Blog Posts

Dell Acquires EMC: Heavy Clouds, No Rain

Posted by | Fuld & Company

On October 12, Dell announced its plans to acquire EMC Corporation for $67 billion, the largest technology industry deal to date, a deal clearly intended to bolster Dell’s ability to compete in the increasingly lucrative corporate data center market. This move follows HP’s split into two organizations which itself was engineered to free HP’s enterprise business from the low-margin shackles of its consumer PC and printer business.  While the Dell-EMC deal will accelerate the transition of corporate data assets to the cloud, the new entity could face significant challenges that hamper its ability to make it rain.

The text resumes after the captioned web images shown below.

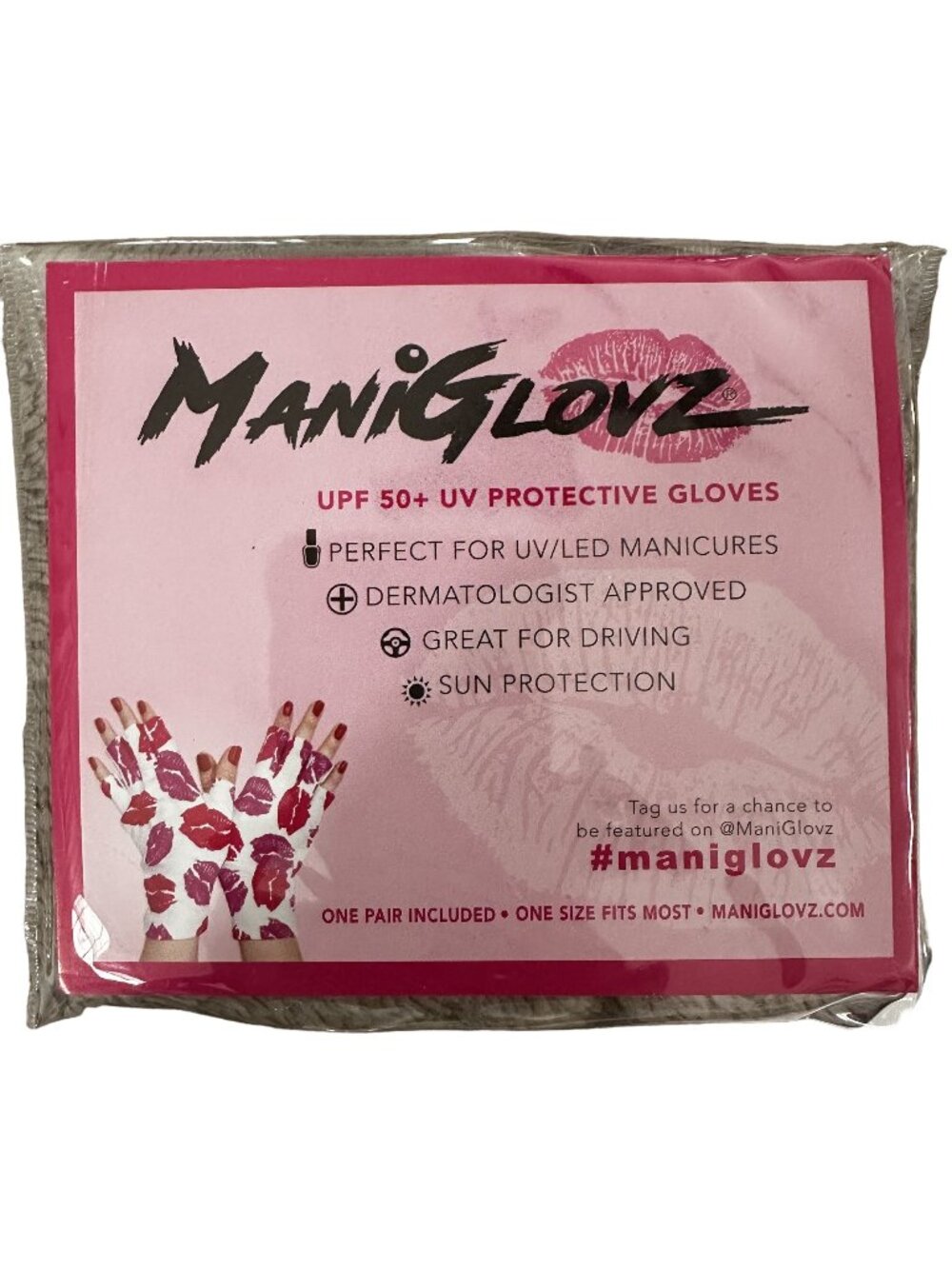 ManiGlovz UPF 50+ UV Protective Gloves For Manicures & Driving One Pair O/S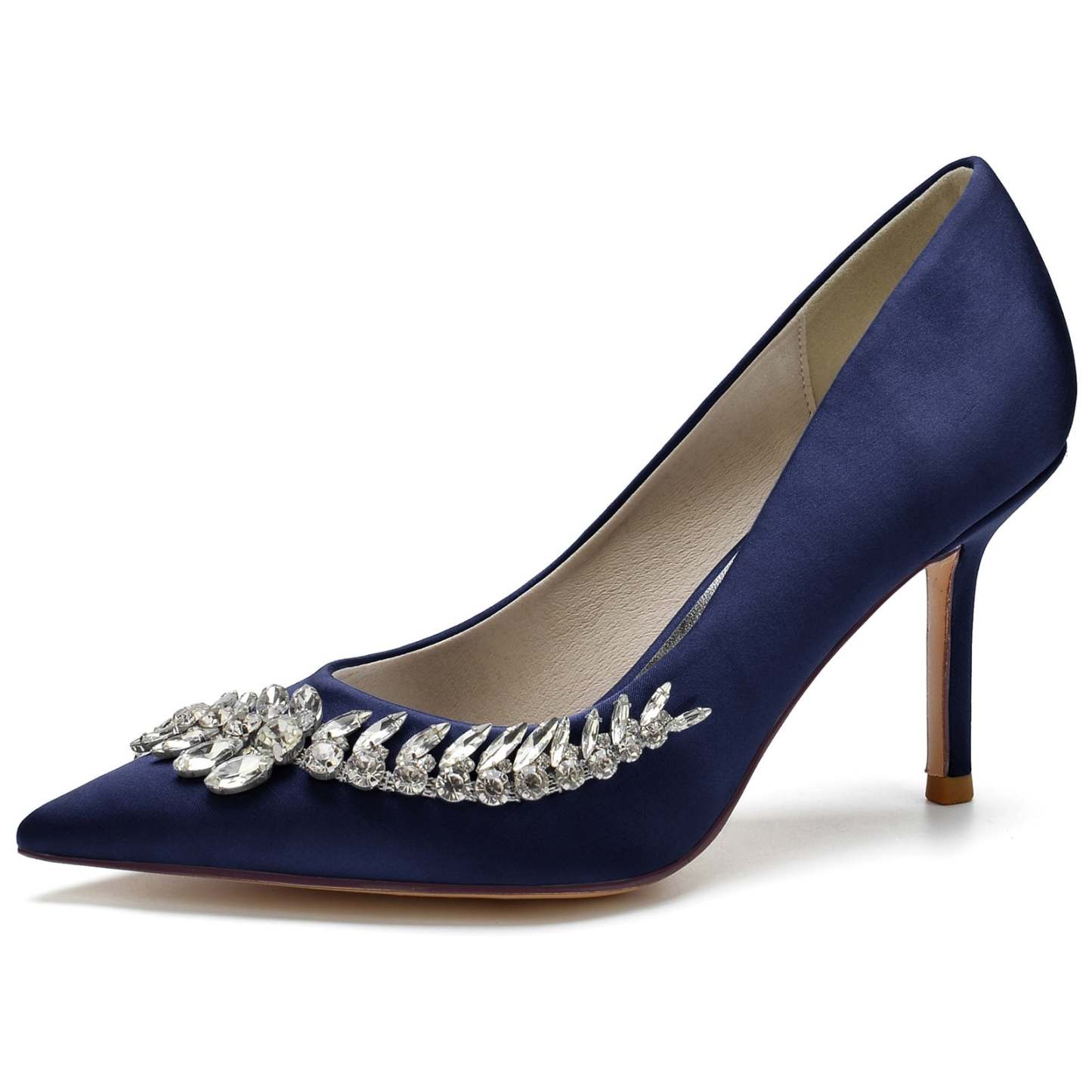Bridal Stiletto Shoes for Women in Blue Silk Satin with Rhinestone Accents and Pointed Toe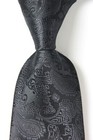 Classic Paisley Solid Black Jacquard Silk Men s Tie Necktie Hanky Cufflink Set
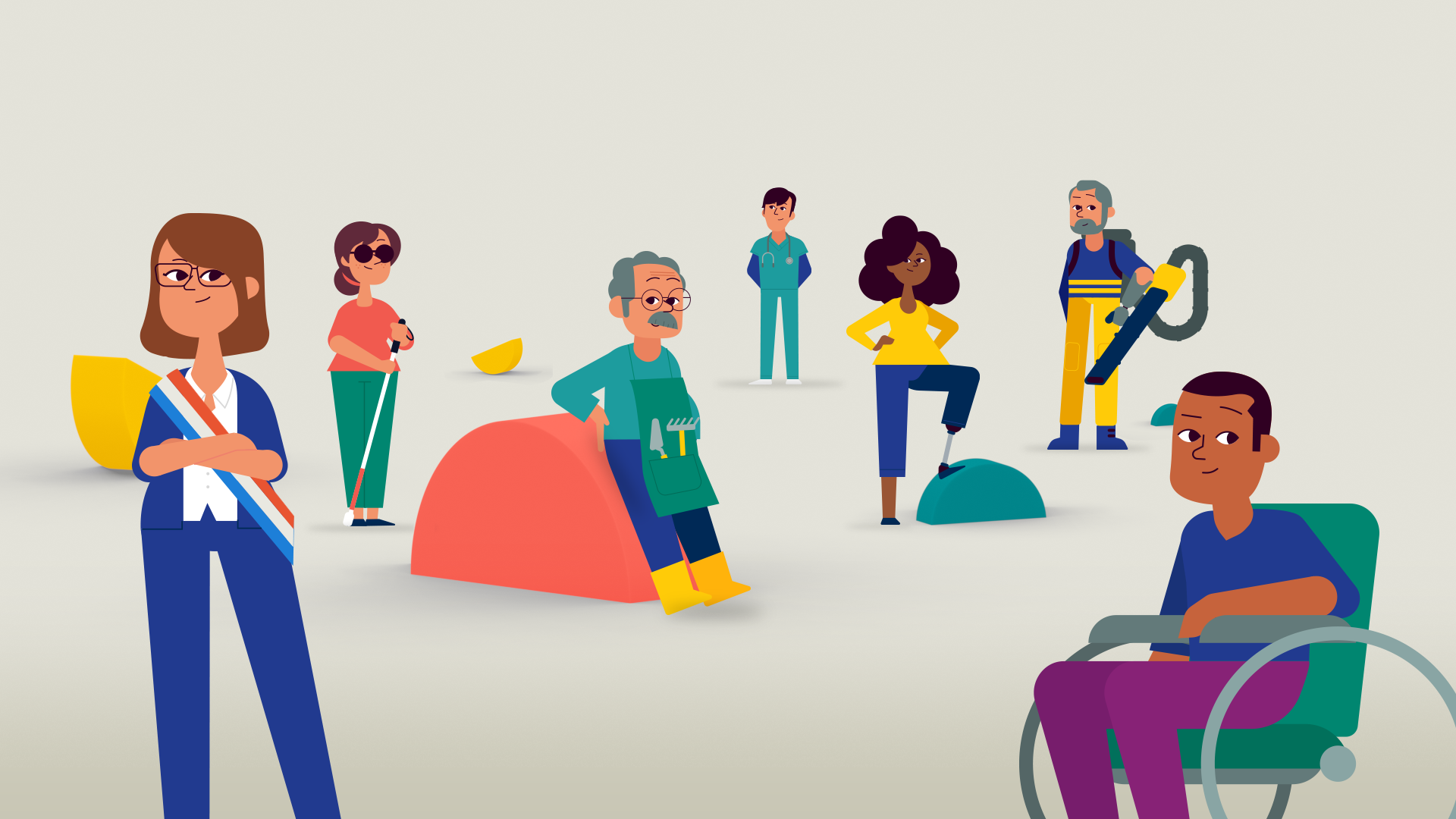 Some people 2d character handicap illsutration vector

Our experience conducting war games for Global Fortune 100 companies and analyzing competition in enterprise IT has made it clear that the market is undergoing a dramatic transformation. Our analysis, conducted over an extensive period of time and involving a variety of players, demonstrates that this transformation is characterized by several confluent factors that the combined EMC-Dell will have to navigate to achieve success:

  • Move to the cloud.  As corporate CIOs become increasingly comfortable with the security and capacity of cloud-based IT solutions, they are increasingly looking to major IT players, especially HP and Cisco, to manage their entire corporate IT infrastructure.  Doing so is more cost-efficient and less cumbersome, and transfers the risk of managing IT assets from the corporate buyer to the IT service provider.
  • Market segmentation.  As the data center becomes an increasingly important IT operation and undergoes its process of convergence among server, networking, and data storage components, distinct market segments are forming among small, medium, and large businesses, each with different IT needs and price points.
  • Revenue growth challenges.  As with most things relating to the cloud, price competition is placing revenue and margin growth challenges on service providers, forcing them to seek ways to reduce costs and consolidate industry influence to sustain revenue growth.

The EMC-Dell merger will no doubt accelerate the shift of corporate IT assets to the cloud, and create an end-to-end competitor positioned to compete against the other large, full-service enterprise IT providers – mainly HP and IBM.  In many ways, the deal is necessary as EMC and Dell could not separately compete in the evolving enterprise IT market.  Providers increasingly need an end-to-end solution to grab the big, multi-year IT services contracts offered by corporate customers; as independent capabilities, Dell’s servers and EMC’s storage would increasingly have been isolated from these opportunities.

Big merger brings big questions

But, is that enough?  Today’s full-service competitors are seeking new ways to grow revenues and profits with data analytics, IT services, and the like.  And, while bigger is theoretically better, EMC and Dell will almost certainly face challenges.  Can such a large organization properly segment its offerings to address the needs of the small and medium sized businesses?

If not, how will it successfully compete in the large business market, already saturated with providers such as Amazon Web Services, Microsoft, and IBM? Will EMC-Dell be able to displace existing relationships, offering additional value to channel partners that enjoy long relationships with incumbent providers?  As a privately held company, will it be challenged to raise capital to invest in upgrading its cloud, networking, and security assets?  And, won’t competitors act quickly to strike their own deals, tie up customers on long term contracts, and find other ways to restrict EMC-Dell’s ability to maneuver?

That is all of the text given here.